Exercise brief:
The stretch from the line with "Terrace Modern Garden" through the line with "Bombažna kratka majica Sisley črna 3WF0S1009" in the records below: write it out exactly, and nothing else.

Dataset records:

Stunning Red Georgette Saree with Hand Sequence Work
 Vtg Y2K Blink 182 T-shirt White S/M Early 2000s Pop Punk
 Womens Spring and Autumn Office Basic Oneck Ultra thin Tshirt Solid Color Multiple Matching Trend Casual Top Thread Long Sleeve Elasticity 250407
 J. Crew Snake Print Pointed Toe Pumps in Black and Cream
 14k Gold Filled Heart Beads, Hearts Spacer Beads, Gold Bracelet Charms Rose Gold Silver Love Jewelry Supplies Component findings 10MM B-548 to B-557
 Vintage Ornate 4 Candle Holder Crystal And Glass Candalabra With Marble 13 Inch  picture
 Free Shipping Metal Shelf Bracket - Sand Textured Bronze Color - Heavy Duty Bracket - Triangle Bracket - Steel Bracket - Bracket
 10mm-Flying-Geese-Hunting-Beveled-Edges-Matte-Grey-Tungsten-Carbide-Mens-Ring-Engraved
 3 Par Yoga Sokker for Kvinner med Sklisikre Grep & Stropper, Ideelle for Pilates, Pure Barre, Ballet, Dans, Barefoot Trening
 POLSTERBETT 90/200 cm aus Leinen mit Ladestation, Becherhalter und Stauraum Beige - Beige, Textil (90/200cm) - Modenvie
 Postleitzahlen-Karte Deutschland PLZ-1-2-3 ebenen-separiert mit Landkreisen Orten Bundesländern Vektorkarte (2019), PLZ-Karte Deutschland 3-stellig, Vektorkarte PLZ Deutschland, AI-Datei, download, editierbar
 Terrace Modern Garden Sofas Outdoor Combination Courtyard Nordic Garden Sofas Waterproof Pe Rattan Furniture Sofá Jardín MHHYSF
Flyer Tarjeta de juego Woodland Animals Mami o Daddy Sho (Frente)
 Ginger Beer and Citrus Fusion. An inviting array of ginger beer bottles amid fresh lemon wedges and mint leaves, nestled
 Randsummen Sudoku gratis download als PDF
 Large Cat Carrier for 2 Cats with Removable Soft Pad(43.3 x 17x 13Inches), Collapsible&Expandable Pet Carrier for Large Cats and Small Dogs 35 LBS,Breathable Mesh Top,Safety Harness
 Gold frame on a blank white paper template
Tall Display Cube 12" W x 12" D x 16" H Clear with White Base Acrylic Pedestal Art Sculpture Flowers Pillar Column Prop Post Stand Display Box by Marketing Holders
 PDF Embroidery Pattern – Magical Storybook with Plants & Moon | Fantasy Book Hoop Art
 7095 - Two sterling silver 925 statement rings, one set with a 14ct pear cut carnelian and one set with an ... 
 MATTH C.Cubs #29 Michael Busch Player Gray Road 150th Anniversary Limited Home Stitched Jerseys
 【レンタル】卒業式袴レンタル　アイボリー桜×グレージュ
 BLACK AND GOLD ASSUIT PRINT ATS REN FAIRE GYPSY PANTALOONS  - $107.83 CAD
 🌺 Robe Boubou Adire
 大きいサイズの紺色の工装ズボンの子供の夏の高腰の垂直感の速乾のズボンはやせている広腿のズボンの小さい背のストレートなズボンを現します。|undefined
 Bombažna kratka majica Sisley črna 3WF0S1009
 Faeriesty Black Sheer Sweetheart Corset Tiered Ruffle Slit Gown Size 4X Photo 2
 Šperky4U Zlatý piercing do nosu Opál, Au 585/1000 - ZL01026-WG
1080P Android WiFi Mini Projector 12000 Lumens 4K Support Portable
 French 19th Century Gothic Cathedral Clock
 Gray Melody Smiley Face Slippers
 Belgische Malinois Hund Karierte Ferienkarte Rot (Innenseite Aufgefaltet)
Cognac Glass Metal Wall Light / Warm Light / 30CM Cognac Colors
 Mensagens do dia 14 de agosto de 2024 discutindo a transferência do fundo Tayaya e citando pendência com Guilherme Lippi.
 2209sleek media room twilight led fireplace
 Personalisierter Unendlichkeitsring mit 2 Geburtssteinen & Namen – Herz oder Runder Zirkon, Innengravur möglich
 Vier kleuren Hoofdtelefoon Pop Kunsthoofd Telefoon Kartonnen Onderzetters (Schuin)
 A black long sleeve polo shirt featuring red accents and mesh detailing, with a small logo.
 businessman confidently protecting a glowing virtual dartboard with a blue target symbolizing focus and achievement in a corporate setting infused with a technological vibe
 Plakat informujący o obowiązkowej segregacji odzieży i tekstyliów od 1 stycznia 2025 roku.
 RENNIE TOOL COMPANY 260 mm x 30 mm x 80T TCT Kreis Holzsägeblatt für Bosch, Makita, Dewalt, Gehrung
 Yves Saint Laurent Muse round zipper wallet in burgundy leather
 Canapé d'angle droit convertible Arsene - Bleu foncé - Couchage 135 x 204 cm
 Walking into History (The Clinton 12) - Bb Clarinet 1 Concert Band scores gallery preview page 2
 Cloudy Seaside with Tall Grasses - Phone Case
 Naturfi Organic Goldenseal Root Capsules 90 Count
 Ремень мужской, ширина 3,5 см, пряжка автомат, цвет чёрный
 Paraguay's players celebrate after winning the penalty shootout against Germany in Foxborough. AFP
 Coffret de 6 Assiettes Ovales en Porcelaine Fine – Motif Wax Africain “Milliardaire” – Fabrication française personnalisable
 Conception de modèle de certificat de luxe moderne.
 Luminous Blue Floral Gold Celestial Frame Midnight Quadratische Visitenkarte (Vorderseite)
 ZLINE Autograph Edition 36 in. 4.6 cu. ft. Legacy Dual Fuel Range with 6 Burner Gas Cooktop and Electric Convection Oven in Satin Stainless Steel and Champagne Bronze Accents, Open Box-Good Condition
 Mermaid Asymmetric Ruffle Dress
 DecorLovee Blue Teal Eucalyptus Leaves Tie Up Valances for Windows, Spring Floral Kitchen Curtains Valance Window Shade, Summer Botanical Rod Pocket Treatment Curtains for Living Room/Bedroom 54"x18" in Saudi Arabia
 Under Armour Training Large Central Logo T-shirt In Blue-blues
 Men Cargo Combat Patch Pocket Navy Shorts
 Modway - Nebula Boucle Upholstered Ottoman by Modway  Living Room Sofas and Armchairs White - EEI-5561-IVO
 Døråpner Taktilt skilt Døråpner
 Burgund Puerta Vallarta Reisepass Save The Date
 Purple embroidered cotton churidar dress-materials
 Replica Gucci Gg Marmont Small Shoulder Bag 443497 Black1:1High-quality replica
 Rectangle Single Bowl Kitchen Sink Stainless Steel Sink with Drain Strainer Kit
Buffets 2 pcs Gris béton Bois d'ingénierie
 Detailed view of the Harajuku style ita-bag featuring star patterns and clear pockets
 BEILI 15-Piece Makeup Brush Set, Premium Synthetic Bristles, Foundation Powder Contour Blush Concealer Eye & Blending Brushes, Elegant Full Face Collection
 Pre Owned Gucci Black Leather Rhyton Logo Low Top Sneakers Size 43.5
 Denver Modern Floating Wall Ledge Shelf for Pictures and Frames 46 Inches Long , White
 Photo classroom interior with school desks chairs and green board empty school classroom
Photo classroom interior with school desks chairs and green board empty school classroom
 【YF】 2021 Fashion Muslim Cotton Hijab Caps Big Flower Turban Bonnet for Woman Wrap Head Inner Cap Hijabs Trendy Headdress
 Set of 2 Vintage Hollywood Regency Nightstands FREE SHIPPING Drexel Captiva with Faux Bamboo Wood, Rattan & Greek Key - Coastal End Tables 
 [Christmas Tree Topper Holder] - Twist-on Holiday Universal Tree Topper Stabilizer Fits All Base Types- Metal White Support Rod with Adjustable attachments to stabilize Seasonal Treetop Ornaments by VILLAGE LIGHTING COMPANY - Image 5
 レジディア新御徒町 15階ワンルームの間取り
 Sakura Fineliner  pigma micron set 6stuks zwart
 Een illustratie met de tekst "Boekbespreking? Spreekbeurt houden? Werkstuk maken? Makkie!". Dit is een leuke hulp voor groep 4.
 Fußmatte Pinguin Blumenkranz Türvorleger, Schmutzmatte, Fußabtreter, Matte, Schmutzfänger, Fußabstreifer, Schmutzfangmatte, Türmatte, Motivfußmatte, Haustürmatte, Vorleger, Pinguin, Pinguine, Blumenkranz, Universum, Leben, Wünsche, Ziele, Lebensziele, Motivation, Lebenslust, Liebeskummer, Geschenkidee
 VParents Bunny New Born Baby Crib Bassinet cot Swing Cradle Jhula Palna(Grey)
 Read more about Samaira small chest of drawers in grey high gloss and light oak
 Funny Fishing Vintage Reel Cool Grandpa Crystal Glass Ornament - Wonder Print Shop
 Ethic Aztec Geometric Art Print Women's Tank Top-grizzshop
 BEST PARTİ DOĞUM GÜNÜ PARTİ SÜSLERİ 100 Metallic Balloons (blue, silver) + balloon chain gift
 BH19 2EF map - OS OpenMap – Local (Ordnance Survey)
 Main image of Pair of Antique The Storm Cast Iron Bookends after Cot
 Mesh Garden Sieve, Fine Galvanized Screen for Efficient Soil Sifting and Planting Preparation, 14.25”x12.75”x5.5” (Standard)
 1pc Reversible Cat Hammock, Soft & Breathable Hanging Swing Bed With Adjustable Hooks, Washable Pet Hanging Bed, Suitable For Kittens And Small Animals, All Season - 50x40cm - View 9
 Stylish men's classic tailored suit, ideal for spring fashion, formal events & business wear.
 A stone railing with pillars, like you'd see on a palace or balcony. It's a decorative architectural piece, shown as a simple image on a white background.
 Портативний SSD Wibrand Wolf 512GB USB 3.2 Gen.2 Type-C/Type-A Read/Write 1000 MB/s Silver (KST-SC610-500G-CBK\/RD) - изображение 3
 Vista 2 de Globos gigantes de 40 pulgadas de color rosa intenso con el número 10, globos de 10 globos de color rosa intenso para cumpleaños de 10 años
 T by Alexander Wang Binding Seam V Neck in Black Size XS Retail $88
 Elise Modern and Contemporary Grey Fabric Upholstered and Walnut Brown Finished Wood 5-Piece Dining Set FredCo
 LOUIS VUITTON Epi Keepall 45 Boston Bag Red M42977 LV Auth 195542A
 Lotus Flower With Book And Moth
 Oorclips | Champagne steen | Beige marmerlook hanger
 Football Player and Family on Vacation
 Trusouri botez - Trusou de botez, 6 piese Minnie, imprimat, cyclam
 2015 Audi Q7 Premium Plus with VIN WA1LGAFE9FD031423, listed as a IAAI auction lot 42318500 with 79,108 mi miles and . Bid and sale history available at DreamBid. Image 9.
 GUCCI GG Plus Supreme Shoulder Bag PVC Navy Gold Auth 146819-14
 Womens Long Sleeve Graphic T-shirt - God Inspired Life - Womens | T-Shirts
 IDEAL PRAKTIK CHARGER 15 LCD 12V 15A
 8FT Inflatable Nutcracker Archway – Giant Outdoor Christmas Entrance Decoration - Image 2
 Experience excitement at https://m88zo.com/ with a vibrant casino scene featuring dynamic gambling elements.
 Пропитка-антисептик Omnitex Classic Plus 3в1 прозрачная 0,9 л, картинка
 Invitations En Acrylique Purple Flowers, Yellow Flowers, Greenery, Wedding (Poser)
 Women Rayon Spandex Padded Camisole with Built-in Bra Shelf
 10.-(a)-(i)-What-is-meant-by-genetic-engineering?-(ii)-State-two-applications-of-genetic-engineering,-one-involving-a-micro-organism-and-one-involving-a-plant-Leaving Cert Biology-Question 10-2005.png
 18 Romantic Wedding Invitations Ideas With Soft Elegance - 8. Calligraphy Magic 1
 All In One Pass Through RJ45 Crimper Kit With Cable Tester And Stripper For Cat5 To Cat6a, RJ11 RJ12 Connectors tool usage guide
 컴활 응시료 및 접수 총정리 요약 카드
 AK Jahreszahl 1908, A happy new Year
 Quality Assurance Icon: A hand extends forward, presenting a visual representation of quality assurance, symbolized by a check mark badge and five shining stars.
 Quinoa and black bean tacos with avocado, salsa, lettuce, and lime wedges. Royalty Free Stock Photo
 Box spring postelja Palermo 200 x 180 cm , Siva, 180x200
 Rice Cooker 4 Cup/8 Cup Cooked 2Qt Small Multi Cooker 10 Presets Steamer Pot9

Written reply:
 Terrace Modern Garden Sofas Outdoor Combination Courtyard Nordic Garden Sofas Waterproof Pe Rattan Furniture Sofá Jardín MHHYSF
Flyer Tarjeta de juego Woodland Animals Mami o Daddy Sho (Frente)
 Ginger Beer and Citrus Fusion. An inviting array of ginger beer bottles amid fresh lemon wedges and mint leaves, nestled
 Randsummen Sudoku gratis download als PDF
 Large Cat Carrier for 2 Cats with Removable Soft Pad(43.3 x 17x 13Inches), Collapsible&Expandable Pet Carrier for Large Cats and Small Dogs 35 LBS,Breathable Mesh Top,Safety Harness
 Gold frame on a blank white paper template
Tall Display Cube 12" W x 12" D x 16" H Clear with White Base Acrylic Pedestal Art Sculpture Flowers Pillar Column Prop Post Stand Display Box by Marketing Holders
 PDF Embroidery Pattern – Magical Storybook with Plants & Moon | Fantasy Book Hoop Art
 7095 - Two sterling silver 925 statement rings, one set with a 14ct pear cut carnelian and one set with an ... 
 MATTH C.Cubs #29 Michael Busch Player Gray Road 150th Anniversary Limited Home Stitched Jerseys
 【レンタル】卒業式袴レンタル　アイボリー桜×グレージュ
 BLACK AND GOLD ASSUIT PRINT ATS REN FAIRE GYPSY PANTALOONS  - $107.83 CAD
 🌺 Robe Boubou Adire
 大きいサイズの紺色の工装ズボンの子供の夏の高腰の垂直感の速乾のズボンはやせている広腿のズボンの小さい背のストレートなズボンを現します。|undefined
 Bombažna kratka majica Sisley črna 3WF0S1009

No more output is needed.